Na opinião de Pimenta, a manutenção dos juros em um patamar elevado vai na contramão dos indicadores econômicos, que mostram a inflação controlada e o crescimento da economia. “Mesmo com a inflação controlada e com o PIB crescendo acima das expectativas, o BC insiste em manter o Brasil com o segundo maior juro real do mundo. O orçamento público pertence ao povo e é inaceitável que o dinheiro de hospitais e escolas vá parar nas mãos dos especuladores”, disse.

•        Gleisi celebra geração de empregos no Brasil e diz: 'agora falta só o Banco Central parar de sabotar o país'

Presidente do PT, a deputada federal Gleisi Hoffmann (PR) celebrou em postagem no X, antigo Twitter, nesta quarta-feira (31) os resultados positivos do Brasil no mercado de trabalho.
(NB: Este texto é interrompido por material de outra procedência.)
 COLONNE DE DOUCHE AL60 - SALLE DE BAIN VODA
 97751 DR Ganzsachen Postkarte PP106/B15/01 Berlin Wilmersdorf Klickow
O Brasil teve em junho de 2024 um saldo de 201,7 mil postos de trabalho com carteira assinada, resultado de 2 milhões de admissões e 1,8 milhão de desligamentos. No acumulado do ano, já são 1,3 milhão de postos formais e, nos últimos 12 meses, o total de vagas chega a 1,7 milhão. O saldo de junho superou 2023, quando foram gerados 157.198.

Já a taxa de desemprego recuou para 6,9% no trimestre encerrado em junho e está um ponto percentual abaixo da observada no trimestre até março (7,9%). Esta é a taxa de desocupação mais baixa para um trimestre móvel encerrado em junho desde 2014.

Na postagem, Gleisi cobrou que diante de tantos resultados positivos na economia, o Banco Central reduza a taxa de juros, Selic, que impede um desenvolvimento ainda mais forte do país. "Notícia boa para o povo! O Brasil fechou o mês de junho com 201.705 novos empregos formais, um crescimento de 29,6% em relação ao mesmo período do ano passado. Só nos primeiros 6 meses de 2024 foram mais de 1,3 milhão de novas vagas criadas. O governo Lula está empenhado em gerar emprego, renda, acesso e oportunidade para os brasileiros e brasileiras. Agora falta só o Banco Central se ligar e retomar o processo de redução de juros e parar de sabotar a economia e o desenvolvimento do país".